◆ Data supplied:
%%

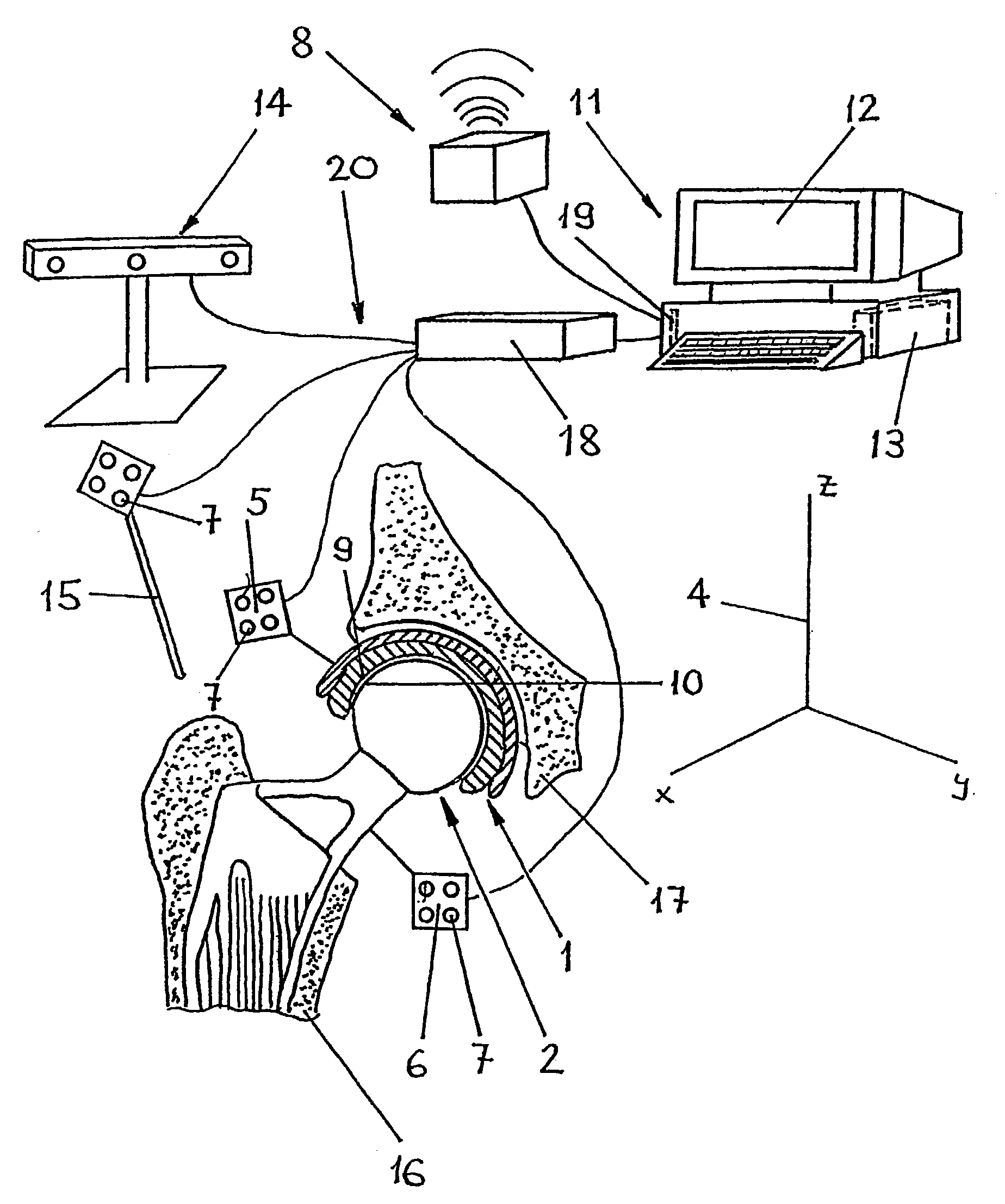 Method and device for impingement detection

%%
%%

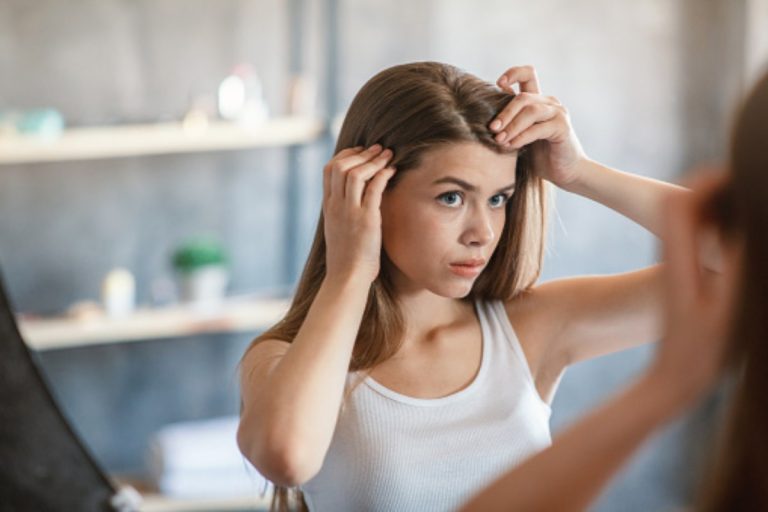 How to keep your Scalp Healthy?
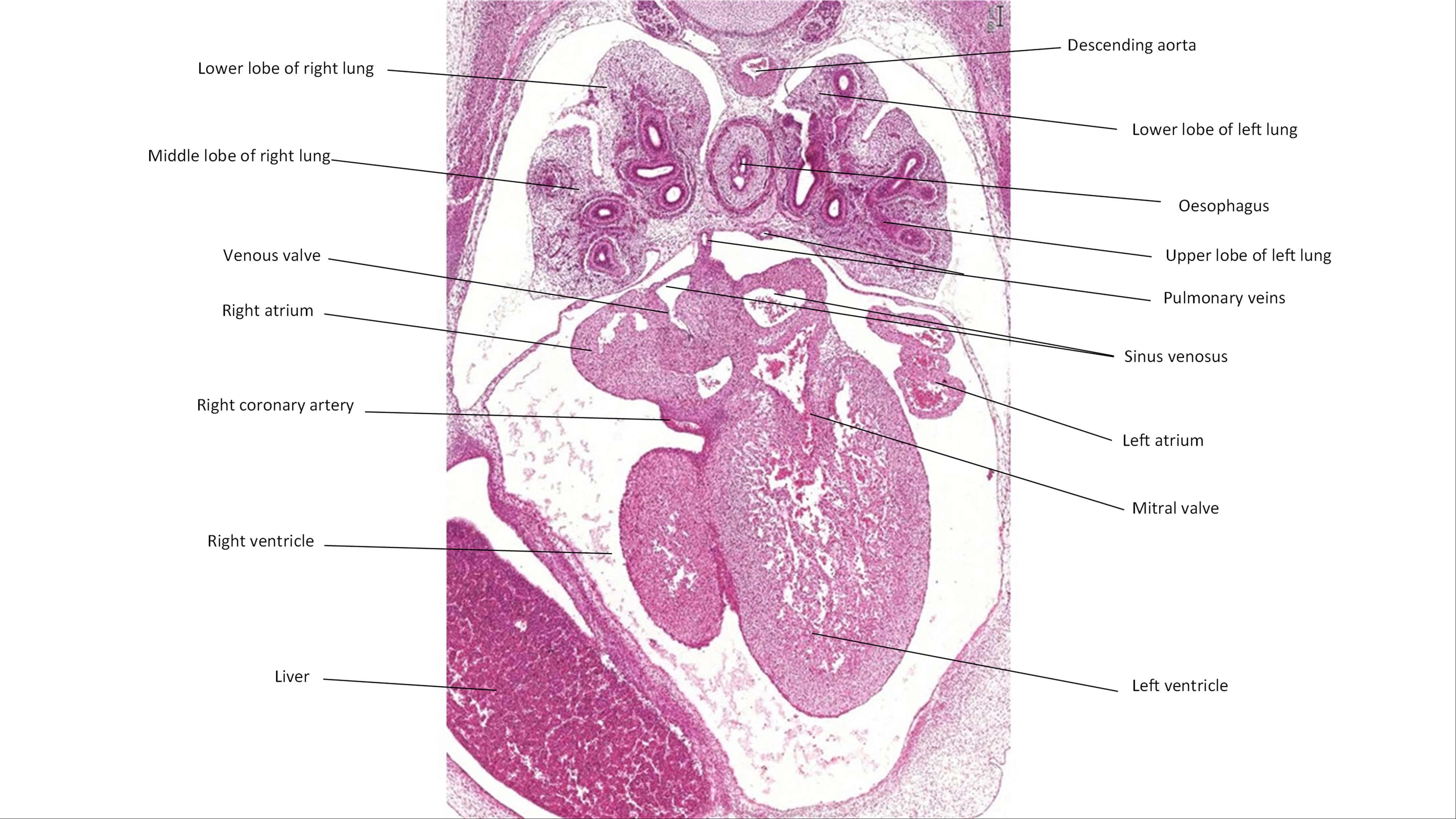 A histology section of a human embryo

%%
%%

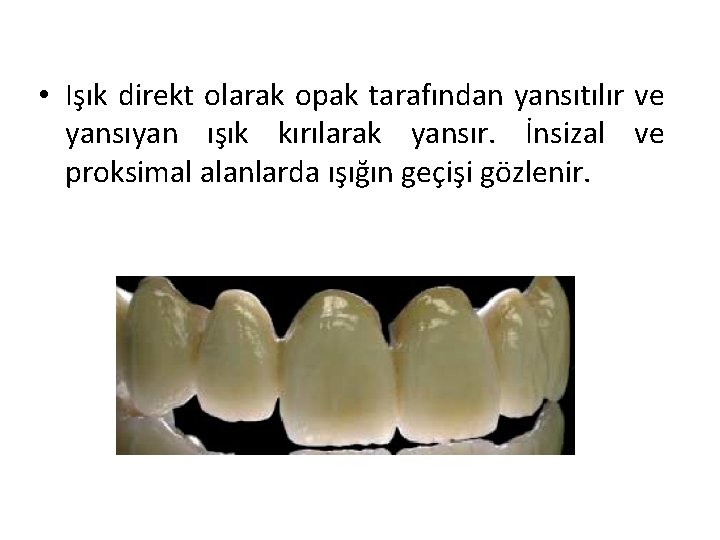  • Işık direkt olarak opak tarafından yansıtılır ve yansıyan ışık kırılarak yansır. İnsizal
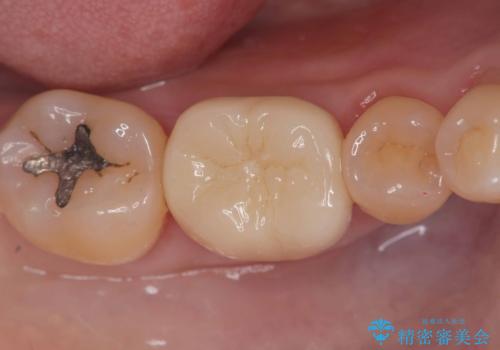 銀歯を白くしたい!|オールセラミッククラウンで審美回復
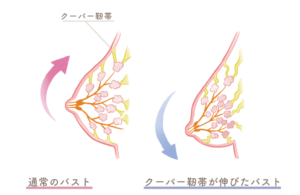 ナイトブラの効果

%%

◆ Directions: Set the pictures aside and transcribe exactly the stretch of lines above, beginning with the one holding "How to keep your Scalp Healthy?" and ending with the one holding "A histology section of a human embryo".

◆ Written solution:
 How to keep your Scalp Healthy?
 A histology section of a human embryo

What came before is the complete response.